Down to the last line, print the data that follows exactly, without its pictures.

[Opening Data provided section]

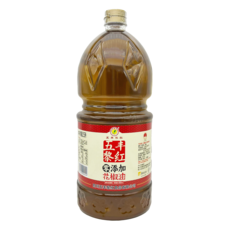 五豐黎紅 花椒油, 2.5L, 1桶
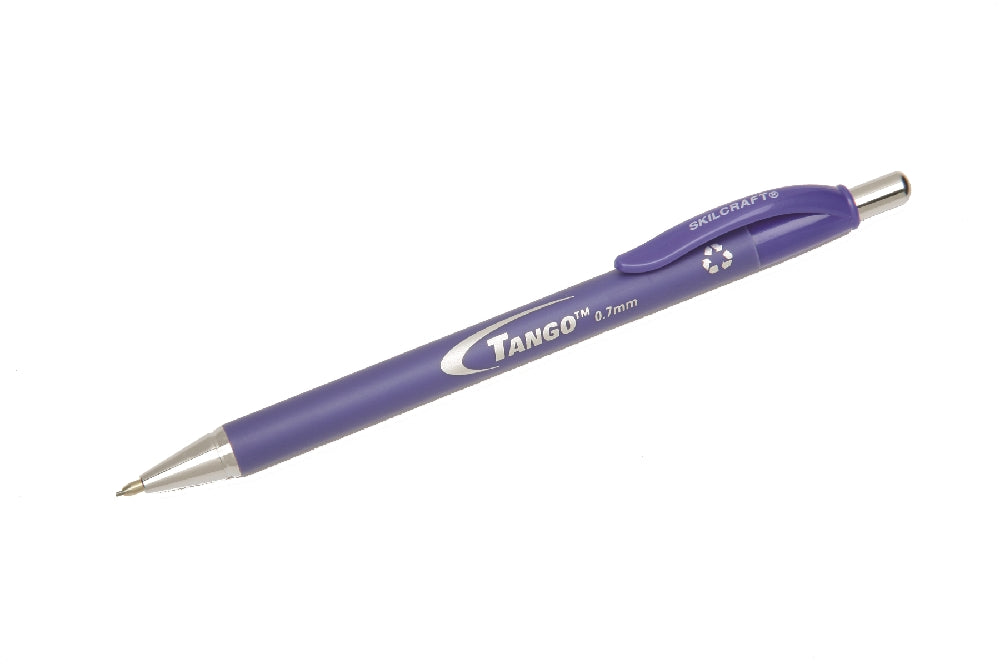 Image of Tango Mechanical Pencil, Medium Point, Blue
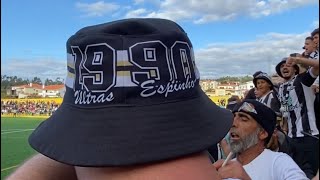 DESNORTEADOS  SC Espinho ultras [upl. by Sirrad586]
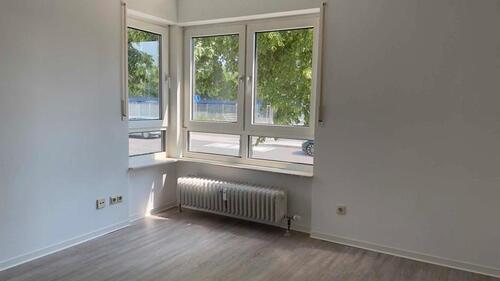 Foto - 6 Zimmer Erdgeschoßwohnung in Rastatt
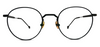 vintage glasses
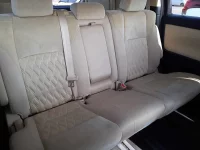 Toyota ALPHARD лот № 30560 оценка 4  с аукциона в Японии 10
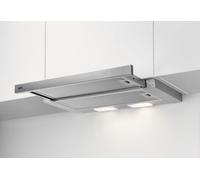 AEG DPB3622S - Campana Extractora - Gris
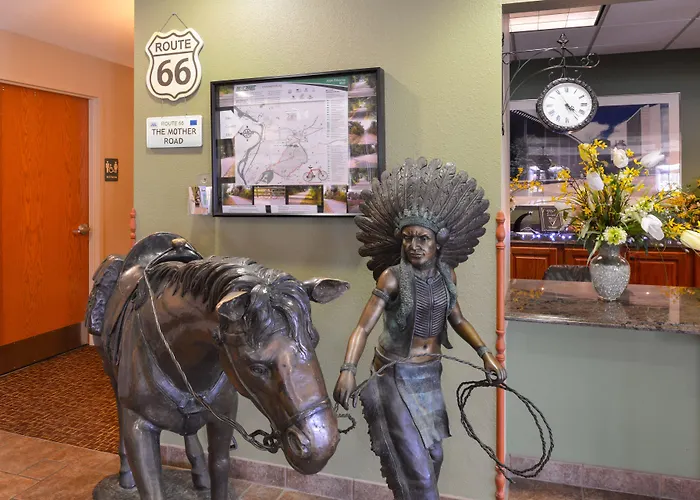 Country Hearth Inn & Suites Edwardsville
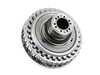 ES#2563512 - 0B5141030F - DL501 S-Tronic / DSG Clutch Pack - Genuine Volkswagen Audi - Audi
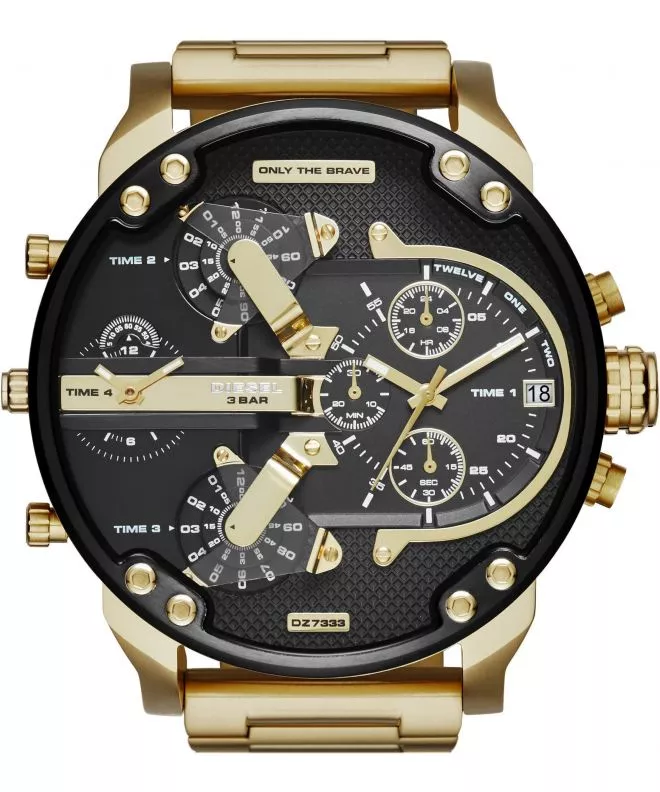 Diesel Mr Daddy Men's Watch DZ7333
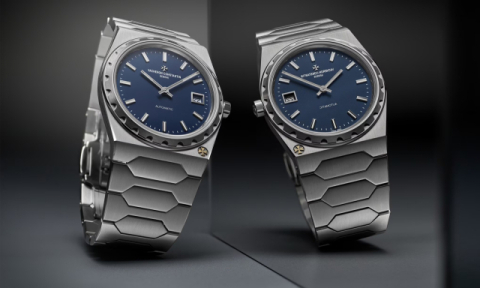 [박연미 디자이너의 세계 명품 이야기] 바쉐론 콘스탄틴(Vacheron Constantin)
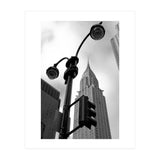 Chrysler Building, New York City (Print Only) thumbnail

[Closing Data provided section]

» Answer space:
 五豐黎紅 花椒油, 2.5L, 1桶
 Image of Tango Mechanical Pencil, Medium Point, Blue
 DESNORTEADOS  SC Espinho ultras [upl. by Sirrad586]
 Foto - 6 Zimmer Erdgeschoßwohnung in Rastatt
 vintage glasses
 Toyota ALPHARD лот № 30560 оценка 4  с аукциона в Японии 10
 AEG DPB3622S - Campana Extractora - Gris
 Country Hearth Inn & Suites Edwardsville
 ES#2563512 - 0B5141030F - DL501 S-Tronic / DSG Clutch Pack - Genuine Volkswagen Audi - Audi
 Diesel Mr Daddy Men's Watch DZ7333
 [박연미 디자이너의 세계 명품 이야기] 바쉐론 콘스탄틴(Vacheron Constantin)
 Chrysler Building, New York City (Print Only) thumbnail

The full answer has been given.